The noun חרם (herem) may either refer to the act of designating something to the afterlife, or the item so designated. Perhaps a second but identical noun (or else this same noun) describes a fishing net. Such a net is of course an item with which fish are extracted from their natural economy and designated their afterlife.
But even if Adramytos is not Lydian for Hermon, it may still be Semitic, and rather consist of two familiar Hebrew elements, the first of which would be the verb אדר ('adar), meaning to be majestic:
אדר
The verb אדר ('adar) means to be superior or majestic (or literally: wide). Noun אדר ('eder) means glory or magnificence, or may refer to a wide cloak. Adjective אדיר ('addir) means majestic.

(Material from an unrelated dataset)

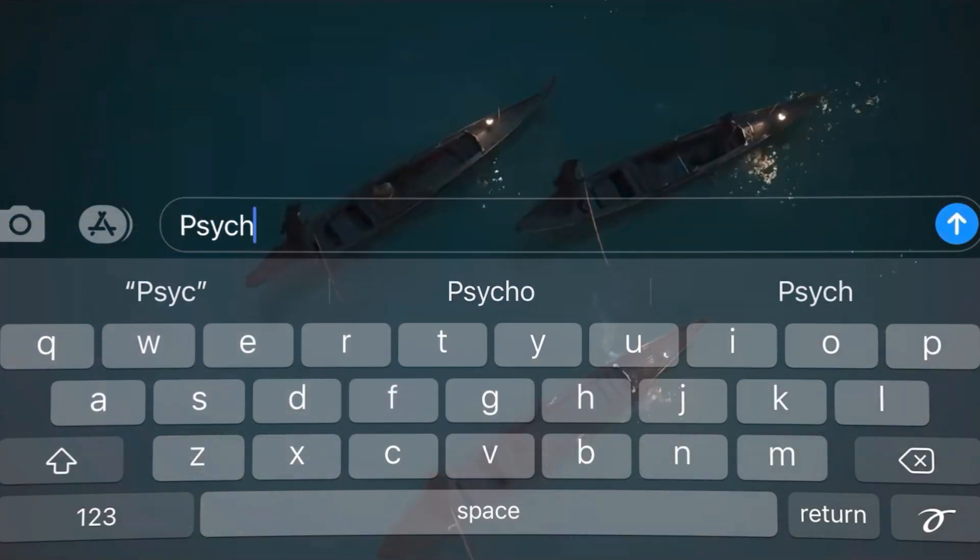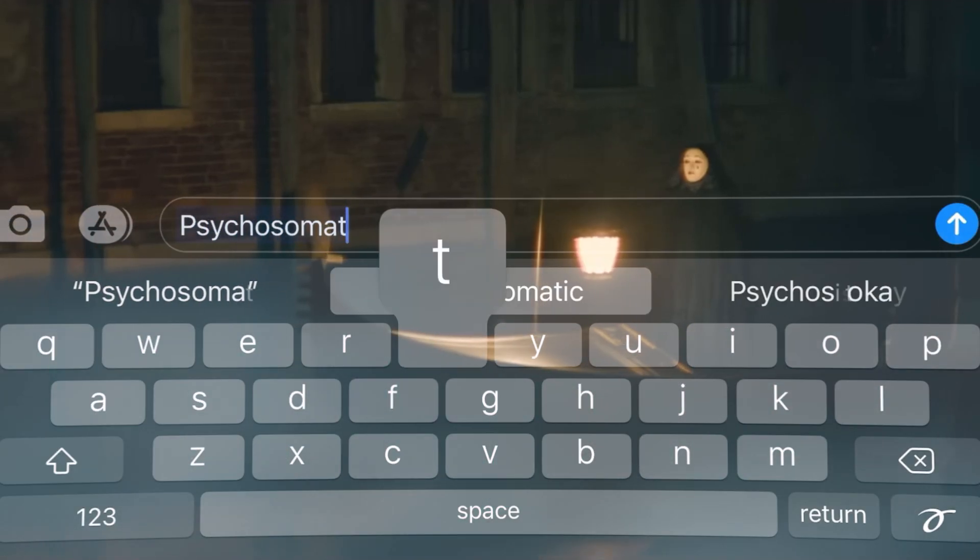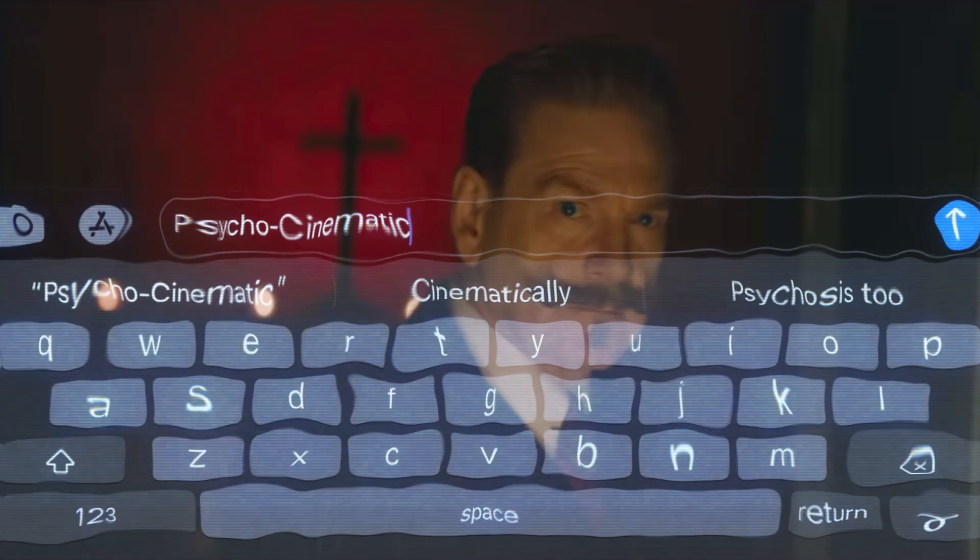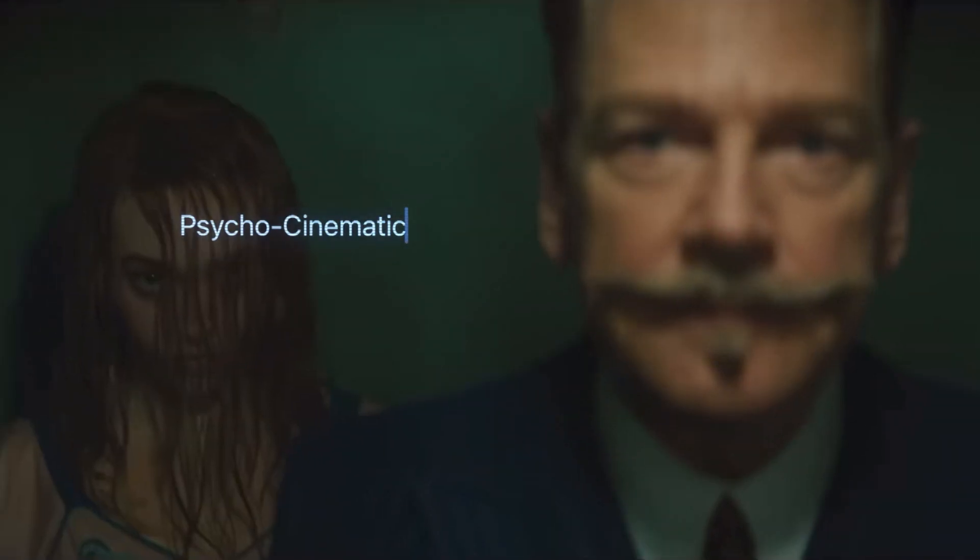Welcome back to another episode of Psycho Cinematic. Today we are comparing the book Halloween Party written by Agatha Christie with the movie A Haunting in Venice directed by Kenneth Branagh and, as always, spoilers ahead. First I'm going to get into the biggest similarities between the book and the movie as well as the differences, and then I'll go into the review of the movie and the book.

Noun אדרת ('aderet) means glory.
The second part of our name is considerably darker: מות (mut), meaning to die or to kill:
מות
The verb מות (mut) means to die or kill. Nouns מות (mawet), ממות (mamot), and תמותה (temuta) mean death. In a theology that operated perpendicularly upon that which worshipped life, death was venerated under the names Mot and Mawet.
The noun מת (mat) is a word for man, and particularly a man capable of combat and exerting death.
🔼Adramyttium meaning
The meaning of our name, that is to say: the function of our name as a character in the narrative, obviously has more to do with historical associations than with proper etymology. Adramyttium is the City of the Non-Successive Son of the King Who Invented Money. Adramytos' brother Croesus succeeded the king, so as characters in an allegory, Adramytos probably embodies the Central Bank to Croesus' capitalistic government.
But formally, the name Adramytos may very well be a Hellenized version of a Semitic name Adar Mut, which combines two known theonyms (also very common in Semitic cultures): both Adar and Mut (or Mot or Mawet) were known Semitic deities, and in Egypt, a goddess named Mut was worshipped. But since Adar means majestic, and Mut means death, our name may also mean Majestic Death or even Death's Cloak — and note that the name Troy means "Of Tros", and obviously associates with the noun τρωσις (trosis), wound, from the verb τρωω (troo), to wound.